1710. The purpose of the other moral virtues is to regulate man in himself; for the passions that are moderated by fortitude and temperance (such as fear and desire) affect primarily their subject and not other persons. The purpose of justice, on the contrary, is to regulate man in his relations to others; for external operations and things directly affect others, either helping or injuring them, But both the passions and external operations have effects and consequent ends that give them new relationships, and hence we may distinguish between the primary object to which a virtue tends directly, and the secondary object to which it tends only indirectly on account of the effects of the primary object.

(a) The primary object of justice is external operations and external things; the primary object of fortitude and temperance is the passions, for justice seeks the good of others, whereas fortitude and temperance seek the good of the agent.

(b) The secondary object of justice is the passions, whenever its principal object cannot be easily regulated without regulation of the passions. Thus, when lust urges to the injustice of adultery or avarice to the injustice of denial of payment due, justice calls on the virtue of temperance or liberality, as the case may be, to moderate the passion opposed to it. Similarly, the secondary object of fortitude and temperance may be external operations, whenever the effect on the subject of the principal object (i.e., the passions) has reactions in reference to other persons. Thus, if fear is moderated by fortitude and desire by temperance, these virtues have external consequences such as combat against evil, abstinence from food or drink that belongs to others; but if anger is immoderate, it may lead to unjust attack, and if desire is immoderate, it may lead to the injustice of theft of food or drink.

1711. The Golden Mean of Virtue.—The golden mean of virtue is not the same in all the moral virtues (see 154).

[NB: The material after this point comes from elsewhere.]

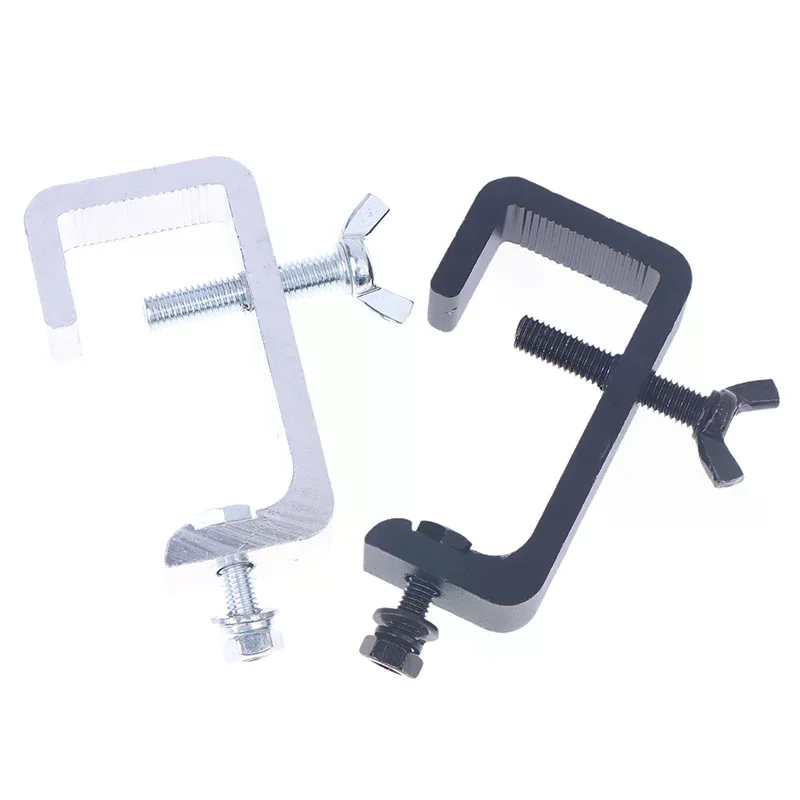 15-41mm Pipe Square Tubes Clamps Aluminum Alloy Clamp Truss Mounting Hooks For Stage Lighting Effects Fair Event Disco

(a) Thus, fortitude and temperance regulate the passions for the benefit of their subject, that he may avoid in them the extremes of excess and defect. Hence, the middle way they follow must be determined by reason from a consideration of the subject and his circumstances (the mean of reason), and so will vary with different subjects and with individual cases. Thus, in the matter of temperance it is an old saying that what is one man’s meat is another man’s poison. It would be absurd to say, therefore, that there is only one middle way of temperance, and that all persons must conform to the same rule as to quality and quantity of food and the time and manner of eating and drinking. On the contrary, the rule here must suit the subject, and that will be moderate which agrees with the health, appetite, duties, manner of life, etc., of the person.